If this becomes reciprocal, it’s called bartering, and that’s what we’ve been doing lately with some family friends. Their daughter will be staying with us soon to learn photography from my mom. In exchange, they taught me to use a sewing machine.
My first project with them was a tiny pillow with my name stitched onto it, but to my surprise, we weren’t done after that. I was going to make a cloth grocery bag.
We started by selecting the fabrics. For the outside of the bag, I chose a pink cloth embroidered with elephants; for the inside, a soft gray fabric touched with white, like faraway stars. I cut my fabrics to the same size and pinned them together inside-out, threaded the sewing machine’s needle, slipped my fabrics into the machine, chose my stitch, and started off.

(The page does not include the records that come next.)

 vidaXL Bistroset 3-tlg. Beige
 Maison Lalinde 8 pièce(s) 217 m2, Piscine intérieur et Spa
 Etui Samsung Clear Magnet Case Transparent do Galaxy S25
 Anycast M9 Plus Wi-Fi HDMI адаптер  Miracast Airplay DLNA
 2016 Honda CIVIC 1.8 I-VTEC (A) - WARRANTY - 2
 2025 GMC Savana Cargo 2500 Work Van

Using a sewing machine is slow and repetitive—unless you’re as good at it as my friend’s mom is, in which case it’s fast and repetitive. Still, there’s something about knowing you’ve done a good job, or at least gotten better, that’s thrilling, though that’s true of any skill, sewing or ziplining or writing. When I finished sewing the fabrics together around three edges, I was proud of myself.

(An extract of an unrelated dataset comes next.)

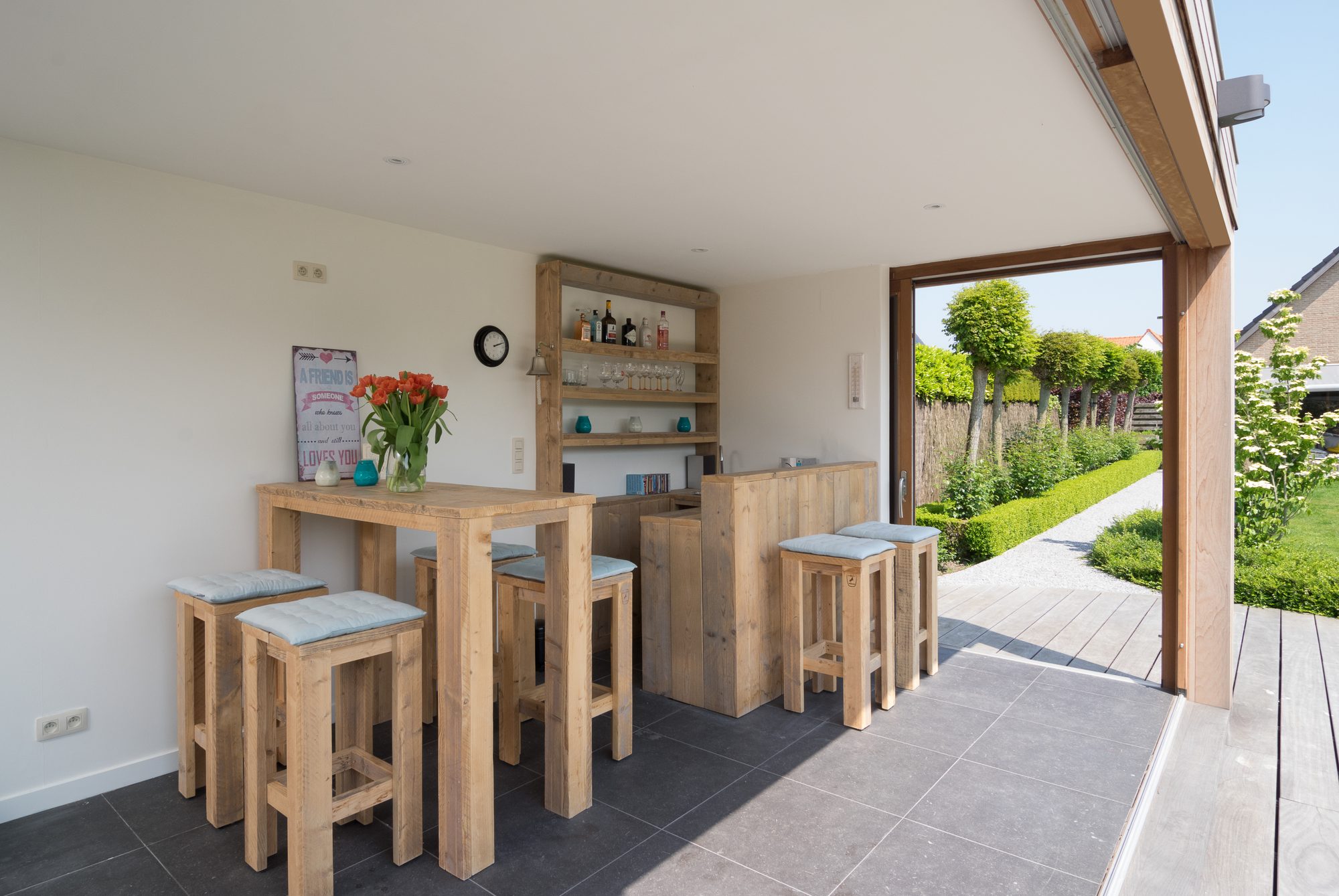 Dépendance moderne avec bar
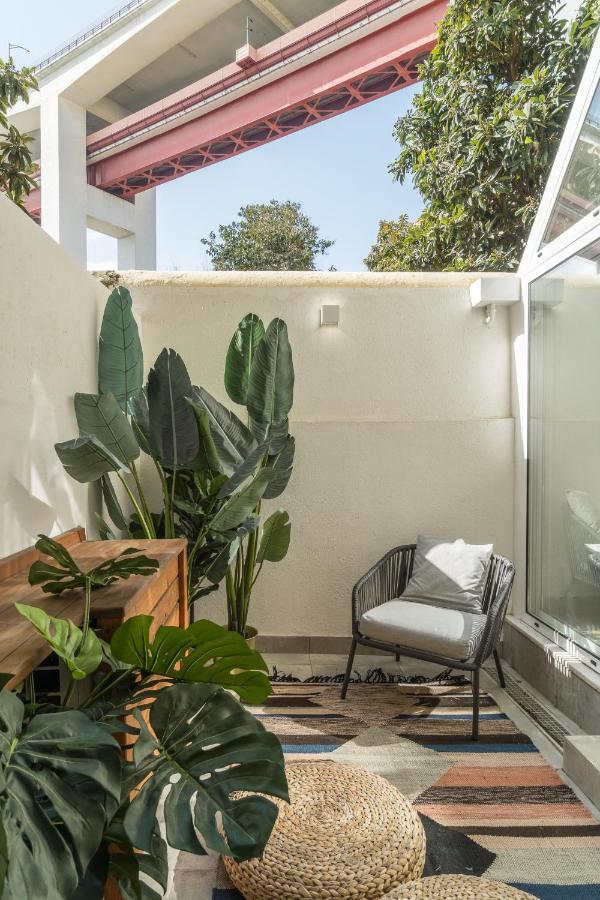 Casa Boma Lisboa - Sophisticated Apartment With Private Terrace - Alcantara VI Экстерьер фото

My friend’s mom showed me how to turn the bag right-side-out, and we sewed the edges together, leaving room for a handle. For the handle, I selected a strip of rough pink fabric, and she slipped the ends into the spaces we’d left for that purpose. Then I got to sew them in place.
The final step was ironing. Being clumsy, I put my thumb in the wrong place almost immediately and had to run cold water on it, but the actual ironing was easy, and in minutes the bag was complete. It was satisfying enough knowing that I had made the bag, and that it had been less painful than my knitted hat, but even more so that I had contributed to my community.
Walking out to help feed the chickens afterward, I felt content.